Dataset items:
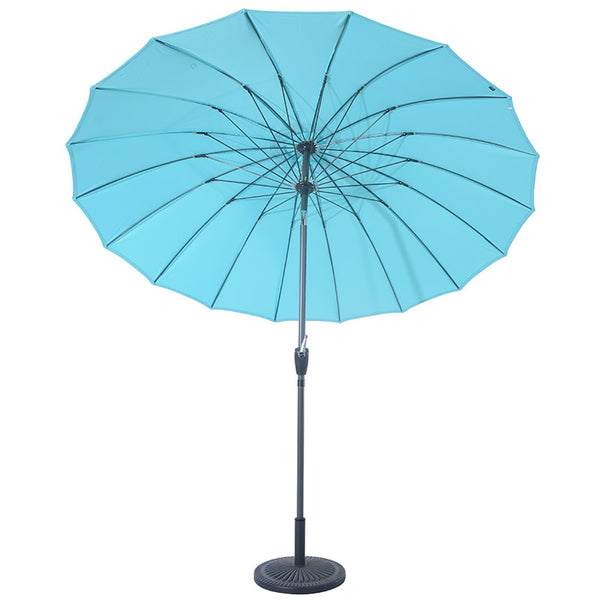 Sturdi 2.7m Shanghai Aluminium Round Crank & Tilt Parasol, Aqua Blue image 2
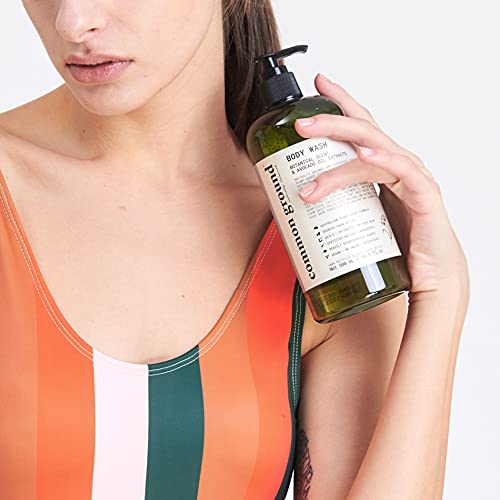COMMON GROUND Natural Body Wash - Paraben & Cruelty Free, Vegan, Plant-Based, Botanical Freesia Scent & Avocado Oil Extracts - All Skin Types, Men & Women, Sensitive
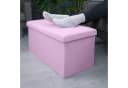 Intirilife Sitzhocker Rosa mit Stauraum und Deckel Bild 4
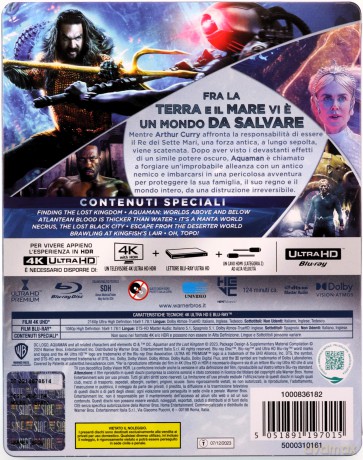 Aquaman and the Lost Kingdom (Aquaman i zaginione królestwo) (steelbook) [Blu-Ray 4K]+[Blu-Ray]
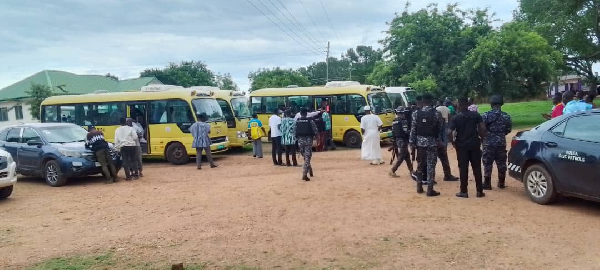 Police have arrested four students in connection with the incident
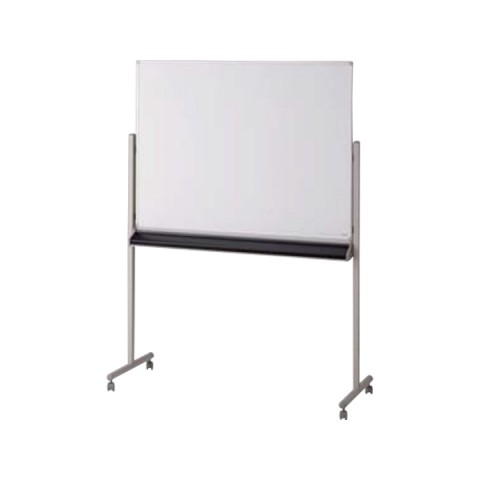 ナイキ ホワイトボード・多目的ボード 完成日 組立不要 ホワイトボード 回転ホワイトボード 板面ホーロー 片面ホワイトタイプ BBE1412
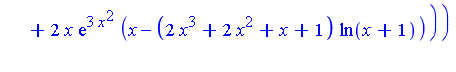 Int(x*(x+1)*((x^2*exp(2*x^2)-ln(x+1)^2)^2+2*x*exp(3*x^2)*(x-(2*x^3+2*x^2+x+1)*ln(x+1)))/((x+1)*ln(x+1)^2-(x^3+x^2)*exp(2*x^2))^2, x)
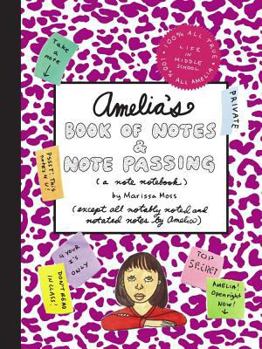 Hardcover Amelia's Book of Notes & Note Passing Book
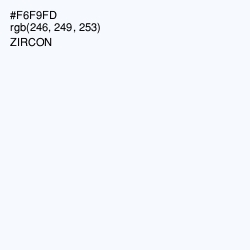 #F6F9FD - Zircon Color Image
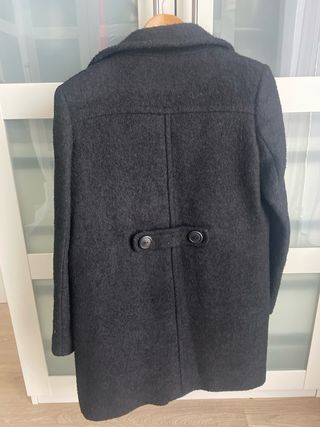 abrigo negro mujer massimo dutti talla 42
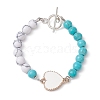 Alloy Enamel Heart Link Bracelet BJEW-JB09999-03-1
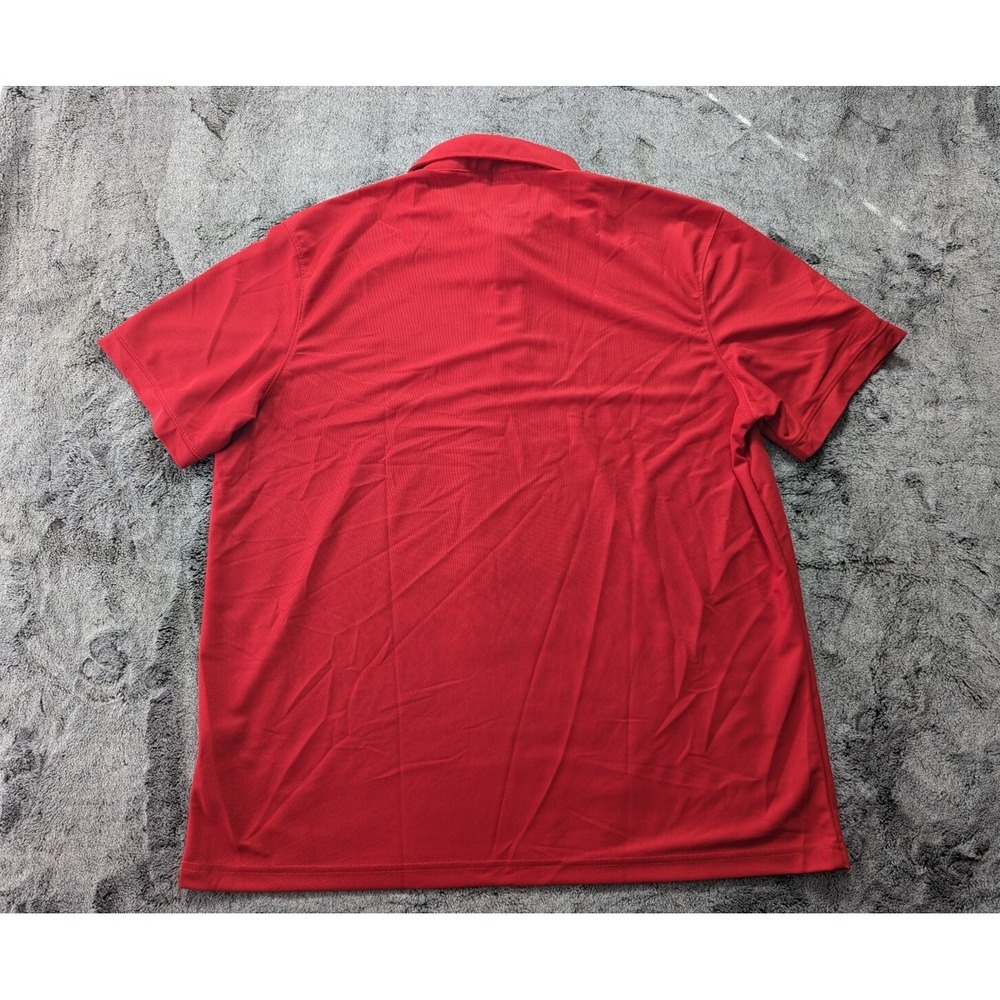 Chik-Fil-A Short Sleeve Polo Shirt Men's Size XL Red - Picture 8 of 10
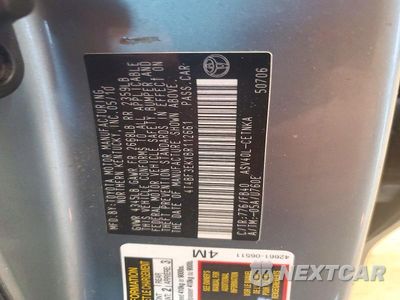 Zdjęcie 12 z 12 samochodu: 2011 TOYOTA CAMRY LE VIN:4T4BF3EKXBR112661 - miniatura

§ **Brief**: Above are records to transcribe exactly; leave their pictures out.

§ **Answer for the task**:
 Sturdi 2.7m Shanghai Aluminium Round Crank & Tilt Parasol, Aqua Blue image 2
COMMON GROUND Natural Body Wash - Paraben & Cruelty Free, Vegan, Plant-Based, Botanical Freesia Scent & Avocado Oil Extracts - All Skin Types, Men & Women, Sensitive
 Intirilife Sitzhocker Rosa mit Stauraum und Deckel Bild 4
 Aquaman and the Lost Kingdom (Aquaman i zaginione królestwo) (steelbook) [Blu-Ray 4K]+[Blu-Ray]
 Police have arrested four students in connection with the incident
 ナイキ ホワイトボード・多目的ボード 完成日 組立不要 ホワイトボード 回転ホワイトボード 板面ホーロー 片面ホワイトタイプ BBE1412
 Int(x*(x+1)*((x^2*exp(2*x^2)-ln(x+1)^2)^2+2*x*exp(3*x^2)*(x-(2*x^3+2*x^2+x+1)*ln(x+1)))/((x+1)*ln(x+1)^2-(x^3+x^2)*exp(2*x^2))^2, x)
 Hardcover Amelia's Book of Notes & Note Passing Book
 #F6F9FD - Zircon Color Image
 abrigo negro mujer massimo dutti talla 42
 Alloy Enamel Heart Link Bracelet BJEW-JB09999-03-1
 Chik-Fil-A Short Sleeve Polo Shirt Men's Size XL Red - Picture 8 of 10
 Zdjęcie 12 z 12 samochodu: 2011 TOYOTA CAMRY LE VIN:4T4BF3EKXBR112661 - miniatura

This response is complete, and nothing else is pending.